Eski CIA çalışanı ve şu anda Washington merkezli Stratejik ve Uluslararası Çalışmalar Merkezi’nde (CSIS) görev yapan Cameron Hudson, Afrika’nın birçok yabancının nüfuz için çekiştiği rekabetçi bir alan olduğunu söyledi. Hudson, “Afrika ülkeleri, Fransız, İngiliz ve ABD’nin on yıllardır kıtadaki müdahalelerine karşı duygusal bir mesafe koyarken, bu orta güç ülkelerle yeni fırsatlar ve ortaklıklar geliştirdiler” dedi.
KIRILMA NOKTASI 2011 YILI
Analistlere göre, Türkiye için Afrika’daki kırılma noktası 2011 yılıdır. 13 yıl önce gerçekleştirilen stratejik değişikliklerle Türk iş dünyası Afrika’ya yönelmeye başladı ve Ankara, nüfuzunu daha geniş bir coğrafyaya yayma hamlesine girişti.
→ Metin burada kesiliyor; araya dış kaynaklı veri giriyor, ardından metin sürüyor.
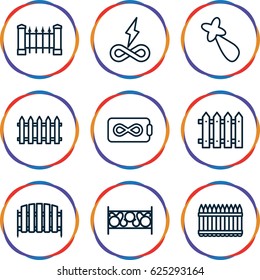 Seamless icons set. set of 9 seamless outline icons such as fence, hair barrette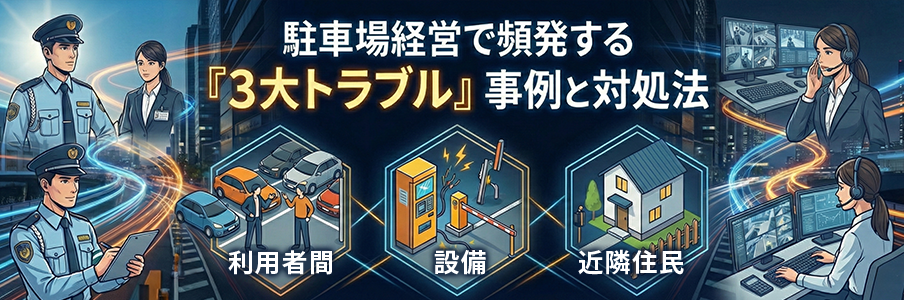 駐車場経営で頻発する「3大トラブル」事例と対処法をあらわすイメージ画像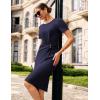 imageGRACE KARIN Work Dresses for Women 2026 Short Sleeve Business Midi Dress Ruched Bodycon Sheath Formal Office OutfitsNavy Blue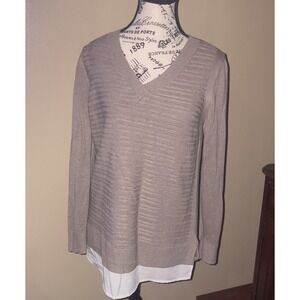 Hilary Radley Two-Fer Layered Sweater Women's Heather Mocha Tan V-Neck MEDIUM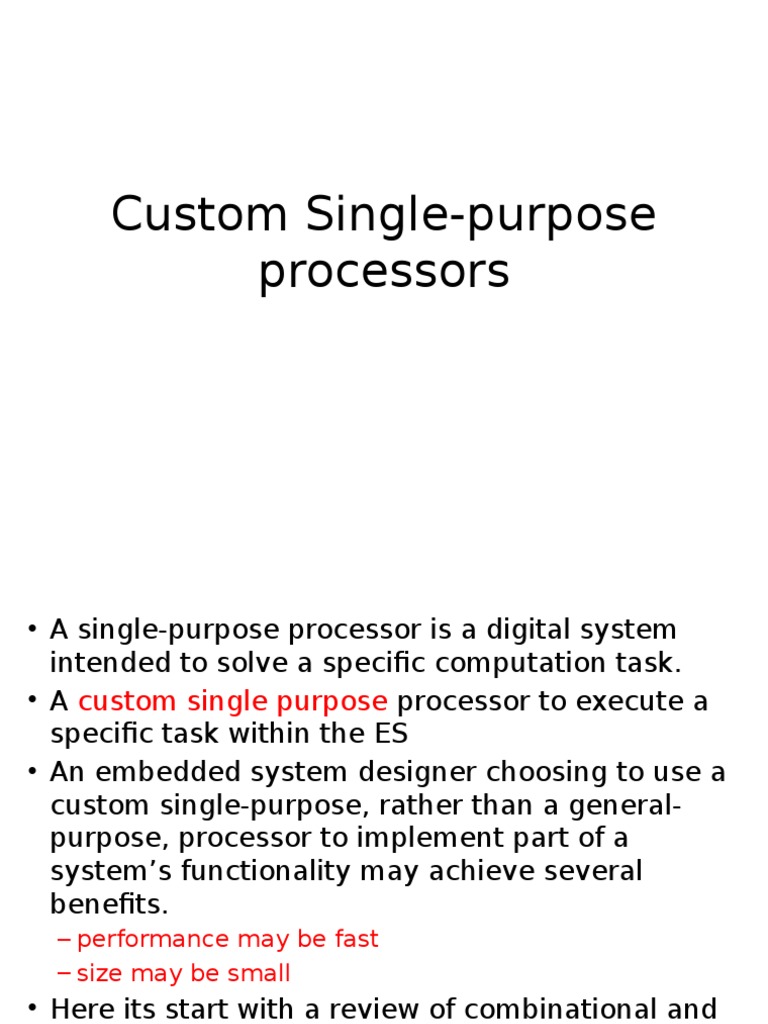 Custom Single-Purpose Processors | PDF | Digital Electronics | Central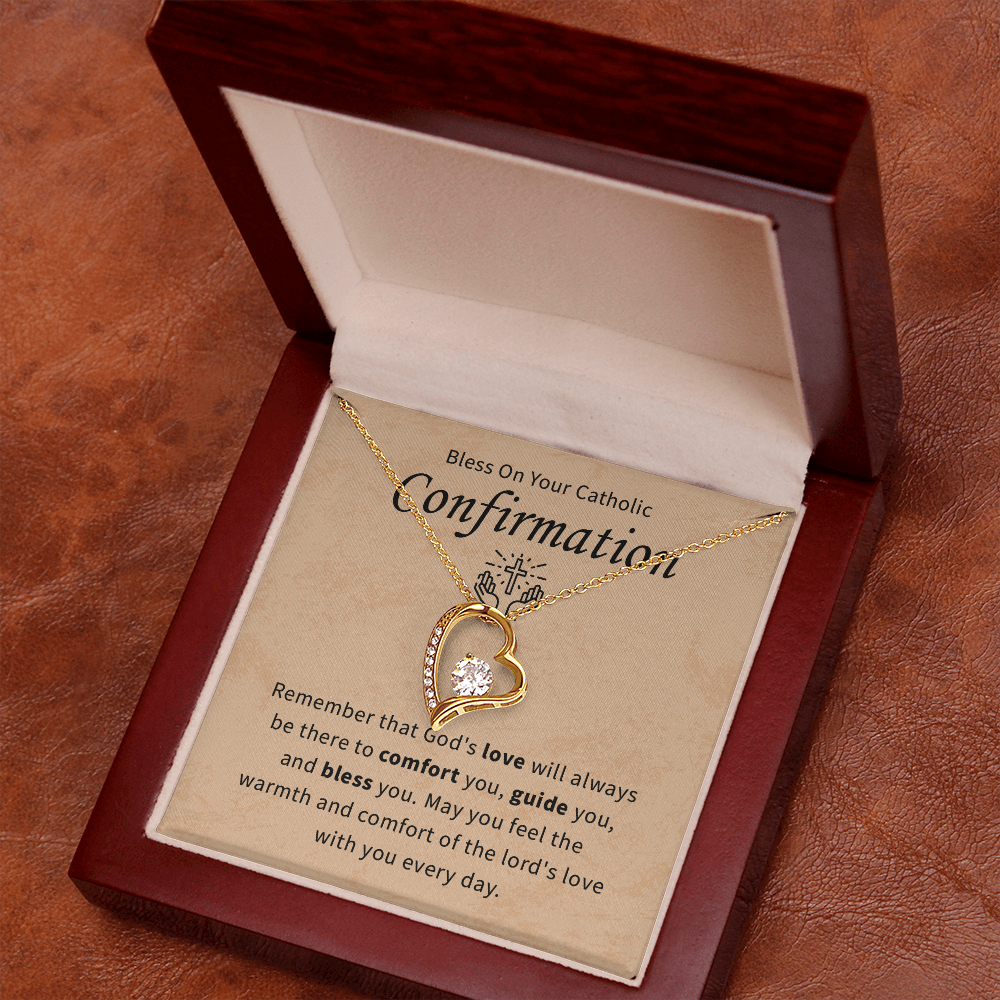 Bless on your catholic confirmation day necklace gift for daughter, granddaughter, goddaughter necklace gift for her.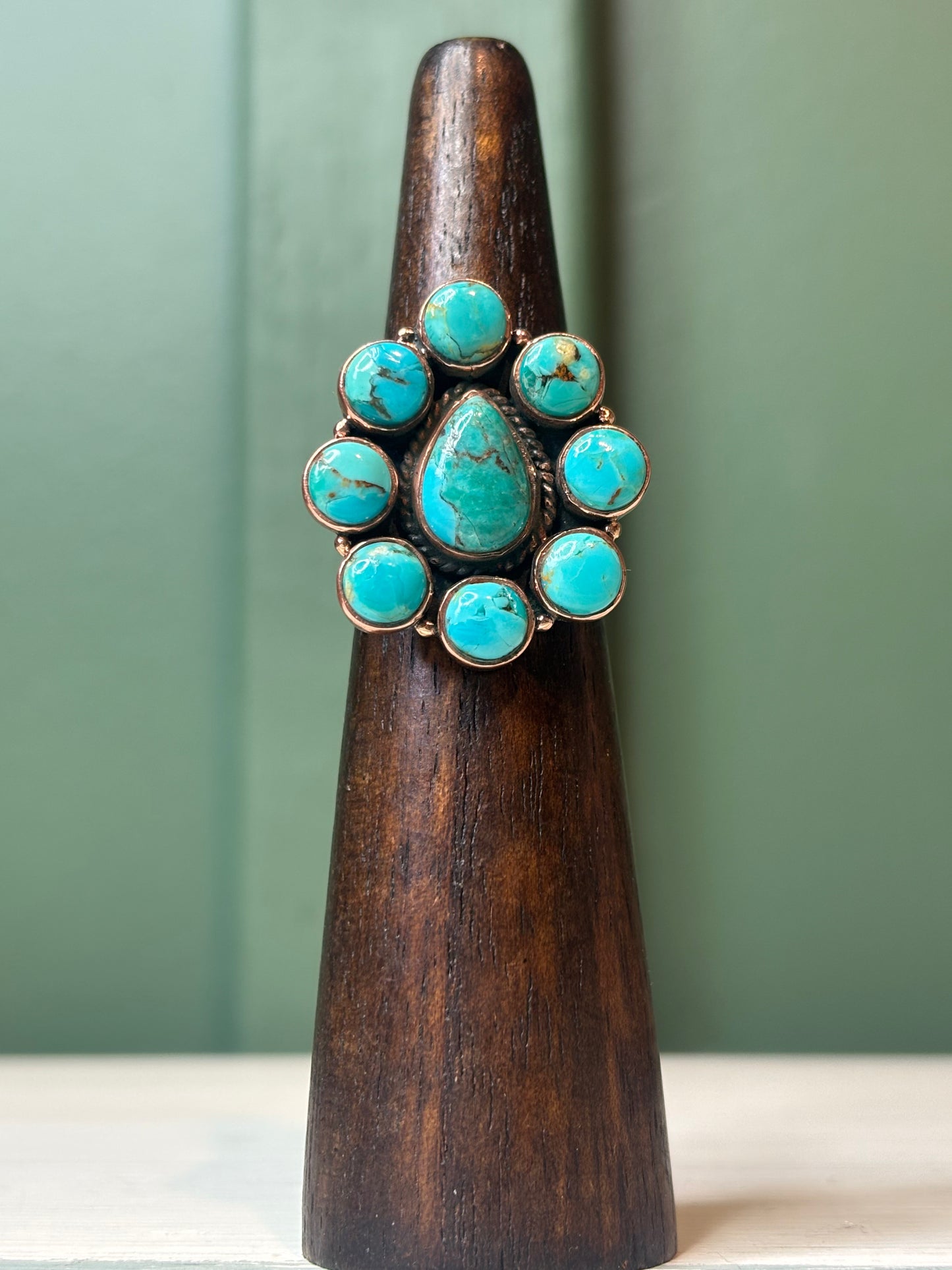 Mohave Turquoise Cluster Copper Ring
İSTANBUL POPÜLER KIZ İSMİ OLDU
Financial Times, Cumhurbaşkanı Erdoğan’ın Somali gezisini hatırlatarak, Doğu Afrika ülkesinin 20 yıl sonra ilk kez bir Türk lider tarafından ziyaret edildiğini vurguladı. Mogadişu’da yollar, havalimanı ve limana Türk bayraklarının asıldığına dikkat çekildi. Gazeteye konuşan bir Türk diplomata göre, Erdoğan’ın 2011’deki ziyareti, Türklerin Afrika ile gerçek anlamda iş birliği yaptığına dair güçlü bir mesaj verdi. Bu ziyaretin Somali’deki etkisi ise beklenmedik bir biçimde kalıcı oldu; İstanbul ismi giderek popülerleşen bir kız ismine dönüştü.
TÜRK MÜTEAHHİTLERDEN KITA GENELİNDE 1800 ALTYAPI PROJESİ
Resmi verilere göre, Türkiye ile Afrika ülkeleri arasında geçen yıl 32 milyar dolarlık bir ticaret gerçekleşti. Bu rakam, 10 yıl öncesine göre neredeyse yarı yarıya artış anlamına geliyor. Türk müteahhitler, Batılı şirketlerin güvenlik kaygıları nedeniyle uzak durduğu Nijer gibi ülkelerde de dahil olmak üzere kıta genelinde 1800 altyapı projesinde görev aldı. Bu projeler arasında havalimanları, yollar ve oteller yer alıyor.
‘YUMUŞAK GÜÇ’ HAMLELERİ
Ankara’nın, ekonominin yanı sıra kalpleri ve akılları kazanmak için ‘yumuşak güç’ yatırımları yaptığı ifade ediliyor. Financial Times, Türkiye’nin Batı Afrika ülkesi Gana’nın başkenti Akra’da İstanbul’un sembolü olan Sultanahmet Camii’nin bir benzerini inşa ettiğini, ayrıca Mali, Sudan ve Cibuti gibi ülkelerde de camilerin yükseldiğini aktardı. 2023 yılında TRT’nin Afrika haber servisini hayata geçirdiğini belirten gazete, Türkiye’nin birçok kıta ülkesi için vize kısıtlamalarını hafiflettiğini kaydetti.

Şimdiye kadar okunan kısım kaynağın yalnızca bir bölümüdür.